Your argument based on ’empty calories’ opens up the question of the poor being empowered through knowledge to help themselves. Waving arms about ’empty calories’ avoids the very real problems stemming from ignorance underlying this issue.
Andy Jones says:
March 26, 2011 at 8:06 pm
“I would like to hear argument that endless growth in population can be endlessly provided for.”
This is a complete ‘straw-man’ statement. Humans, just like any other living thing in the biosphere, expand until the limit of available resources are reached. I think the real question should be “How will future technological developments effect world climax population?”. We need the equivalent of computings Moore’s Law, which shows as a rule of thumb that processing power doubles every 18 months.
This is the main reason why ‘peak oil’ or ‘peak coal’ or ‘peak’ anything never has the expected impact. As history shows, advances in technology simply makes the impact of these peaks on population irrelevant – fusion, thorium, methane clanthrides anyone???
Dave says:
March 26, 2011 at 9:22 pm
Andy Jones>
“If I understand your point correctly, it’s that at some point there is a maximum limit to the population the planet can support, and I don’t think anyone would disagree with that. I can’t speak for the others, but personally I don’t worry about that point arriving for a couple of reasons. In the first place, it’s a very long way off, if at all. We could have a population of a trillion at least, if we were willing to make that a priority.”
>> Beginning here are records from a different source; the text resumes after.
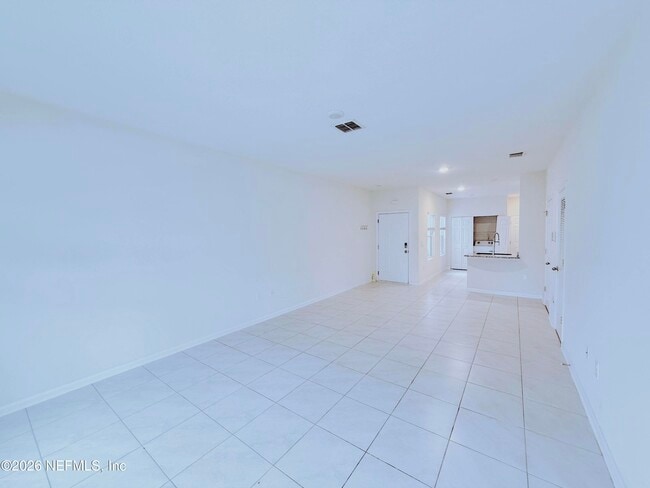 Photo - 365 Coastline Wy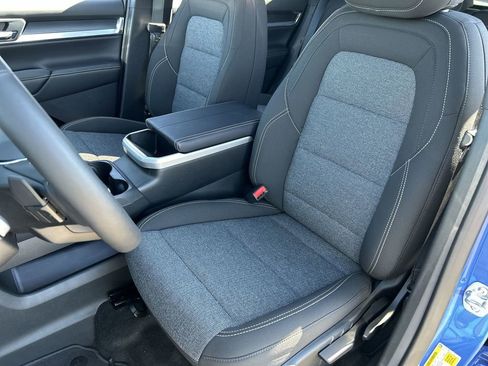 New 2026 GMC Terrain Elevation w/ Technology Package II image 19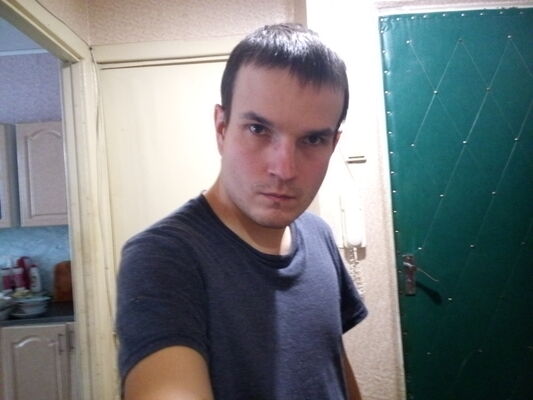  ,   , 32 ,     , c 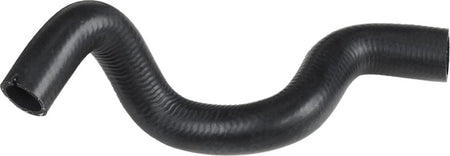 Gates 02-2692A Heater Hose - 1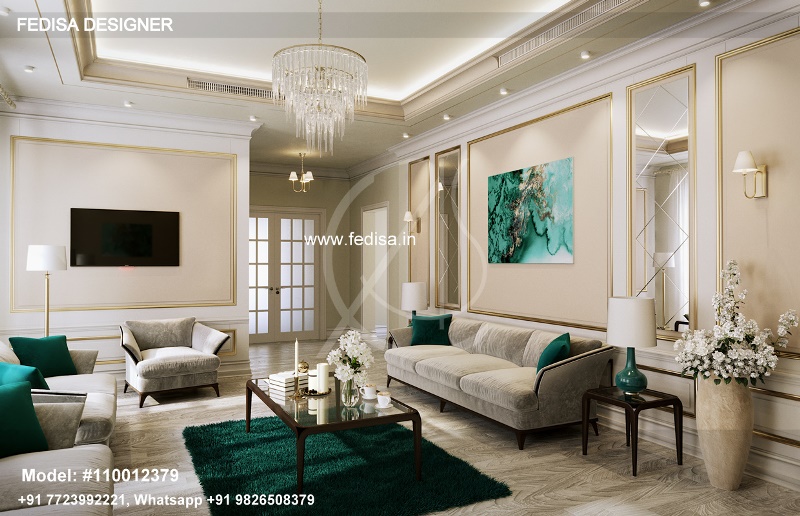 South Facing House Vastu Plan 30x456 Luxury Villa Monaco Japanese Minimalist Bedroom Asian Paints Colours For Outside Of Home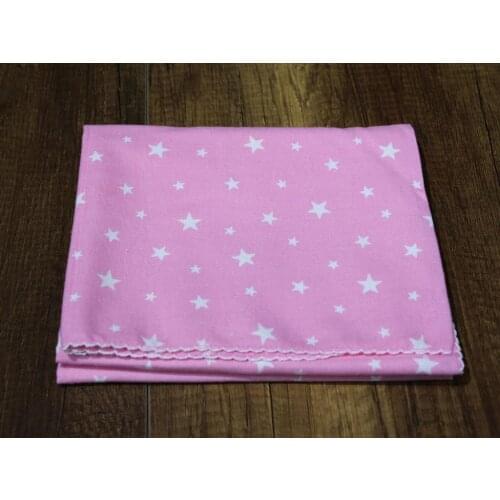 Çeyiz Diyarı Diapers For Newborns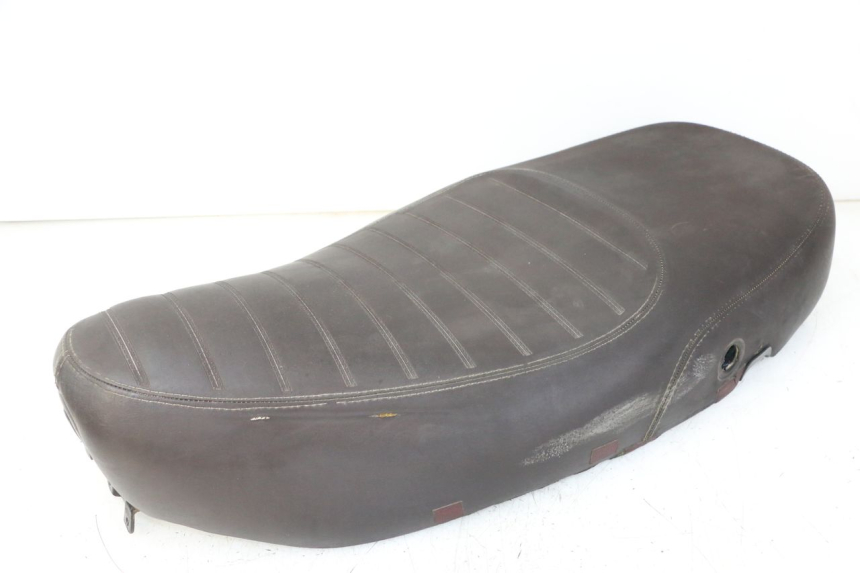 photo de ASIENTO PIAGGIO VESPA LX IE 125 (2010 - 2012)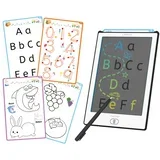 PencilKid1 tablet za crtanje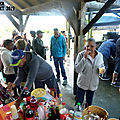 P12903573 (Copier)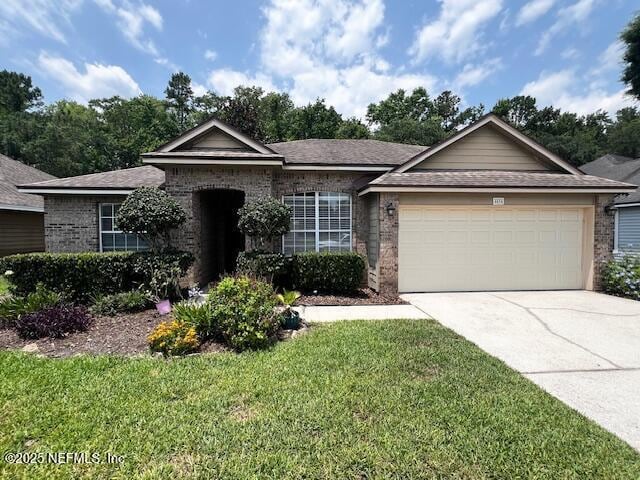 Photo - 4434 Cobblefield Cir W House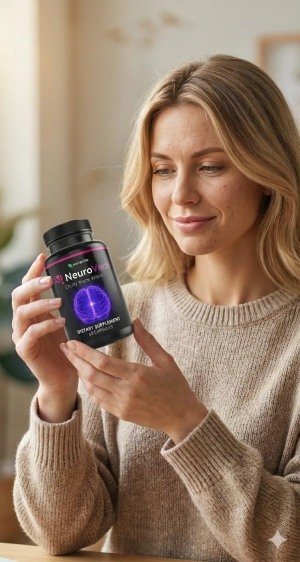 Customer Testimonials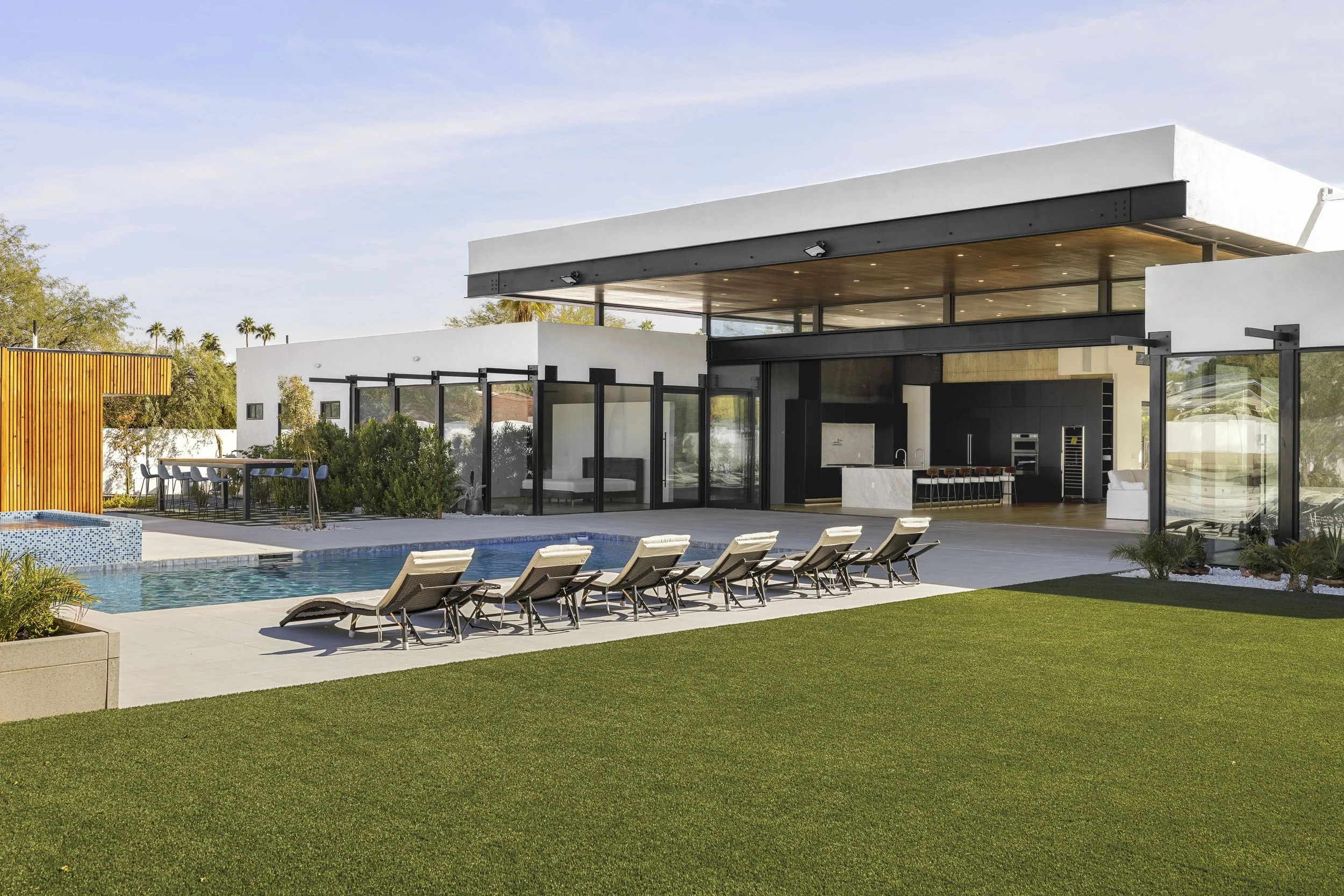 6026 E Pershing Ave-3.jpg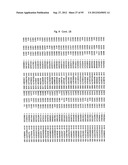 SYSTEM AND METHOD FOR ANALYZING DNA MIXTURES diagram and image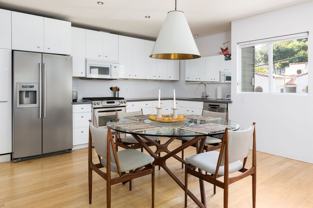 1710 Redcliff St - Photo 1 of 1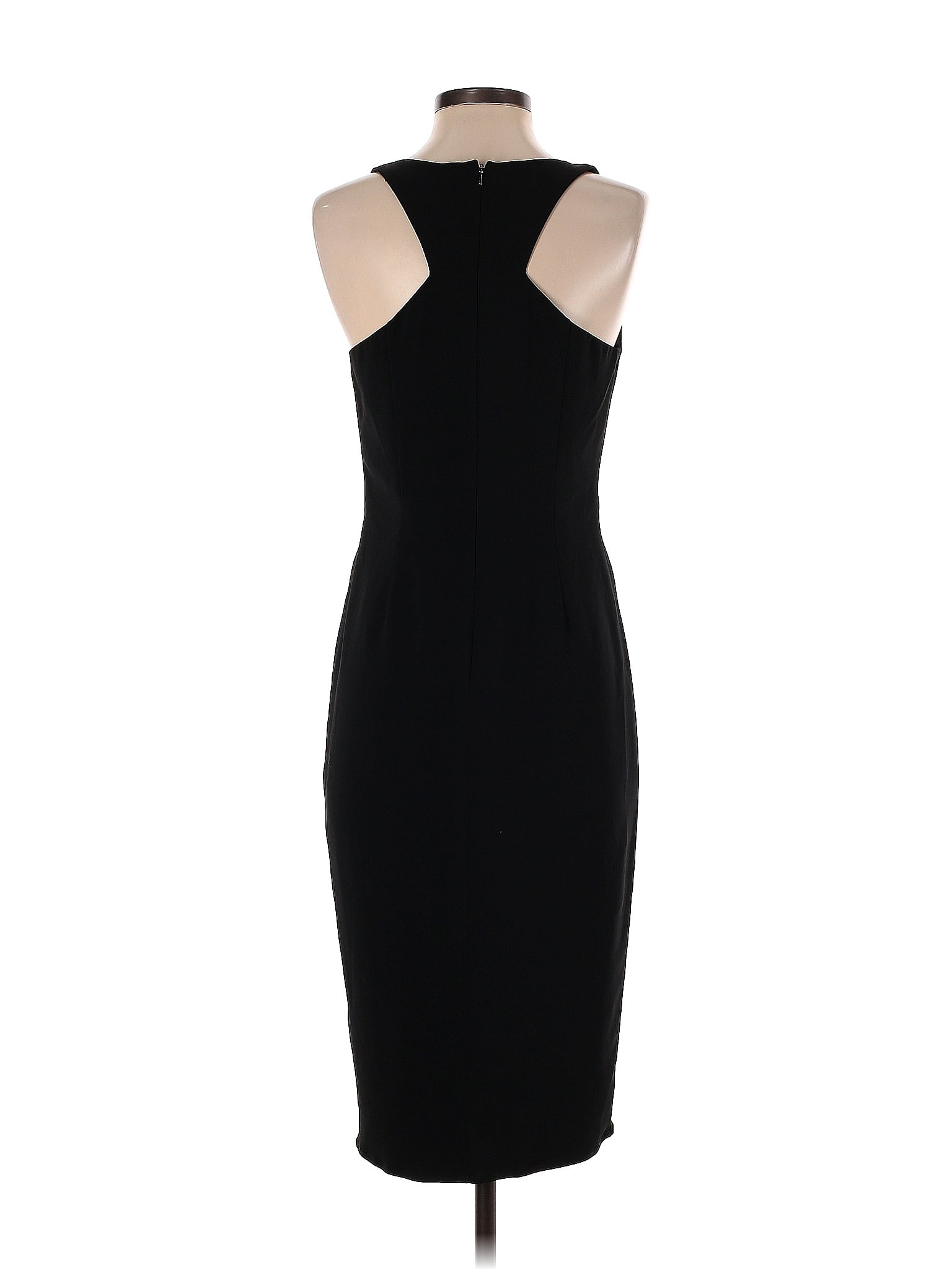 Jay godfrey witherspoon clearance sheath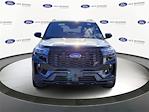 New 2026 Ford Explorer ST for sale #21373 - photo 8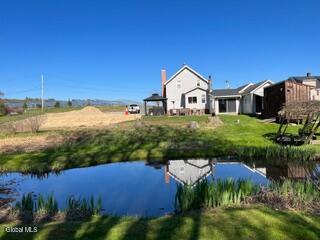 287 West Street Gloversville NY 12078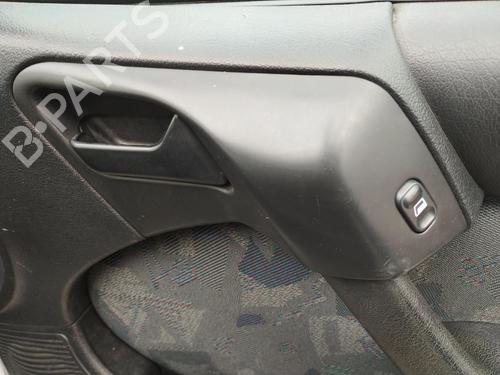 Used Front right interior door handle CITROËN XANTIA (X1_, X2_) 2.0 HDI 109 (109 hp) 27050105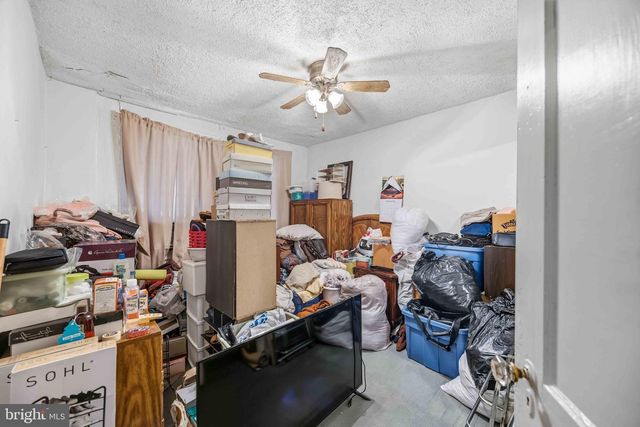 1973 PLYMOUTH ST, Philadelphia, PA 19138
Dave and Andy, I think you would be interested to know that 90 bn people could get into Lake Superior and tread water, each with a square metre of space. Gives some perspective on the population issue doesn’t it?
Thomas: your
Les johnson, production may respond to prices, but prices have been up without an increase in supply the last couple of years:
Exactly as predicted by economic theory. Increased demand + constant or down supply = higher prices. In a year or two, you will see higher production, chasing the price increases.
Commodities like food and oil, are a 1 to 2 year lagging indicator.
Olen: your
The question is when will the 7 billion people in the world become 14 billion and more?
Answer: Never. Most population studies shows population peaking around 2050 at 9 to 10 billion, then slowly declining.